Der Pontifex hatte mit einem missverständlichen Appell zu Friedensverhandlungen in Russlands Angriffskrieg gegen die Ukraine massiven Widerspruch ausgelöst. Die Äußerungen des katholischen Kirchen-Oberhaupts wurden in der Ukraine und bei vielen ihrer Unterstützer als einseitiger Appell allein an Kiew verstanden - von manchen gar als Aufruf zur Kapitulation.

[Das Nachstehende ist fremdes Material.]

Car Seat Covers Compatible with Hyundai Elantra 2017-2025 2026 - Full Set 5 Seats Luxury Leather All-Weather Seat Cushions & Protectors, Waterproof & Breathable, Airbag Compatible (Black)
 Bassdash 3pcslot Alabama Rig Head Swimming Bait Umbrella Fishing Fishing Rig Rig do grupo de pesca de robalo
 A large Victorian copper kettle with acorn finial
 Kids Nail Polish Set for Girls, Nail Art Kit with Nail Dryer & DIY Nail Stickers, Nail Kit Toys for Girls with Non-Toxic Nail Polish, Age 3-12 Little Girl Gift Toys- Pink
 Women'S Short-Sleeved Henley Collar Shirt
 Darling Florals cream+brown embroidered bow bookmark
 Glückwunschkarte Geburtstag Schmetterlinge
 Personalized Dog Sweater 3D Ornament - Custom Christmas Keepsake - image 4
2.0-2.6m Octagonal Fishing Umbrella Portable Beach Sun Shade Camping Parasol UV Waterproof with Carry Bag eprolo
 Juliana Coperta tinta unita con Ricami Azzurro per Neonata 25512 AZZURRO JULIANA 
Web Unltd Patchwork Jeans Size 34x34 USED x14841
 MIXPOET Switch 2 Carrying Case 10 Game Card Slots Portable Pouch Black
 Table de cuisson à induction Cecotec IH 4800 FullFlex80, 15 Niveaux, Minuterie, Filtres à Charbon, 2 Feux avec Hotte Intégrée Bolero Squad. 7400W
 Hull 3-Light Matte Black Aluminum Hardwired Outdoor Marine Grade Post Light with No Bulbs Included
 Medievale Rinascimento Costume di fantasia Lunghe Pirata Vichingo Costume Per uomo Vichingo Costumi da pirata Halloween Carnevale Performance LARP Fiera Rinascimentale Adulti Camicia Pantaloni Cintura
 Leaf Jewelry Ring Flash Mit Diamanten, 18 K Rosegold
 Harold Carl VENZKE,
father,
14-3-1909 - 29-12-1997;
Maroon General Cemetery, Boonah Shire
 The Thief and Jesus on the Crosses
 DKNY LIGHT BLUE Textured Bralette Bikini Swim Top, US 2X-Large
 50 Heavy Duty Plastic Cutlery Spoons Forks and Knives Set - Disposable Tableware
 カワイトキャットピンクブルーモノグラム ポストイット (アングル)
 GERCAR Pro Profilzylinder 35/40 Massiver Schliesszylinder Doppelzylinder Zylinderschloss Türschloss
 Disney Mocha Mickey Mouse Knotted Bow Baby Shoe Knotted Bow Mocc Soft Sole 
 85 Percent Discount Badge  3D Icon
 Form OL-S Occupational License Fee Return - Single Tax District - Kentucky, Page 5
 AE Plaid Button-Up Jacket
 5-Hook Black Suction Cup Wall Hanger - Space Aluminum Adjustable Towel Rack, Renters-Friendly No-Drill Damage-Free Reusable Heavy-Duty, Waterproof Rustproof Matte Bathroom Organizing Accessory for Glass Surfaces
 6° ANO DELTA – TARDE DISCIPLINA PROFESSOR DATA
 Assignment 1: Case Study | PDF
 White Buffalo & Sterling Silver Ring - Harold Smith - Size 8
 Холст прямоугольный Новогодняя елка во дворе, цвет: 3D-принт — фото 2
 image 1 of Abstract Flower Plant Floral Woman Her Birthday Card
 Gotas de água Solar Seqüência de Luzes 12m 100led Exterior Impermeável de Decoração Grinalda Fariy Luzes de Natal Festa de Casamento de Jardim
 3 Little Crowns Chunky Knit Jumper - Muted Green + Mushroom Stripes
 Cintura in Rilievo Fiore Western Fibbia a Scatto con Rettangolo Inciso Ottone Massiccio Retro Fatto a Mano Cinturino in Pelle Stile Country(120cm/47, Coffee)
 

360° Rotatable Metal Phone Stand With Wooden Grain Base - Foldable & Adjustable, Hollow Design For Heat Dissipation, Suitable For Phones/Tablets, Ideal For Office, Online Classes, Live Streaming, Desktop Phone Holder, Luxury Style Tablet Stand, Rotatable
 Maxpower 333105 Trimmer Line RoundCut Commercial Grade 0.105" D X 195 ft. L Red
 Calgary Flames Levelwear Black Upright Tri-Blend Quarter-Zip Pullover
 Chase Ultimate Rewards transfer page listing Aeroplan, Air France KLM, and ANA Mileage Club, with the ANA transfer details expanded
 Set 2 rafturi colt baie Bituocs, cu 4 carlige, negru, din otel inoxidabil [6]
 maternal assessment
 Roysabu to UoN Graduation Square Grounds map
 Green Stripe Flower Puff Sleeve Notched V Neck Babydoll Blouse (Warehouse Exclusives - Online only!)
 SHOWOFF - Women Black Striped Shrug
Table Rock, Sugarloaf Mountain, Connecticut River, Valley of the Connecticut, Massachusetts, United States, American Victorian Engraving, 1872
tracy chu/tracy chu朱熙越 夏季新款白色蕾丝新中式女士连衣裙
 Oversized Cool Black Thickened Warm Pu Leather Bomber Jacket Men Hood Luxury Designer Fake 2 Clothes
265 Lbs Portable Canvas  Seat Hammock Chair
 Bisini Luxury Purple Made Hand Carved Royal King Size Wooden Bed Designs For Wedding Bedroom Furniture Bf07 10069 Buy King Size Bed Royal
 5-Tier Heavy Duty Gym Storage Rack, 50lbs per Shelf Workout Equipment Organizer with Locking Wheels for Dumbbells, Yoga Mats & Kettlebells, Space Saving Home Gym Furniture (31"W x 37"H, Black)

Der 87-Jährige gebrauchte in einem am Wochenende veröffentlichten Interview des Schweizer Fernsehens mit Blick auf Schwierigkeiten der ukrainischen Armee auch das Wort von der "weißen Fahne" - in Kriegszeiten seit Jahrhunderten das Zeichen der Kapitulation, also der kampflosen Aufgabe gegen die feindlichen Truppen.
Vor Selenskyj hatte bereits Außenminister Dmytro Kuleba den Vorstoß des Papstes in ähnlichen Worten zurückgewiesen. "Der Stärkste ist derjenige, der im Kampf zwischen Gut und Böse auf der Seite des Guten steht und nicht versucht, sie auf die gleiche Stufe zu stellen und dies 'Verhandlungen' zu nennen", sagte er. Der ehemalige ukrainische Botschafter in Österreich, Olexander Scherba, nannte Franziskus einen "Kleingläubigen". Der ukrainische Botschafter beim Heiligen Stuhl, Andrij Jurasch, fragte auf X, ob im Zweiten Weltkrieg jemand mit Hitler ernsthaft über Frieden gesprochen und die weiße Fahne geschwenkt habe, um ihn zu befrieden.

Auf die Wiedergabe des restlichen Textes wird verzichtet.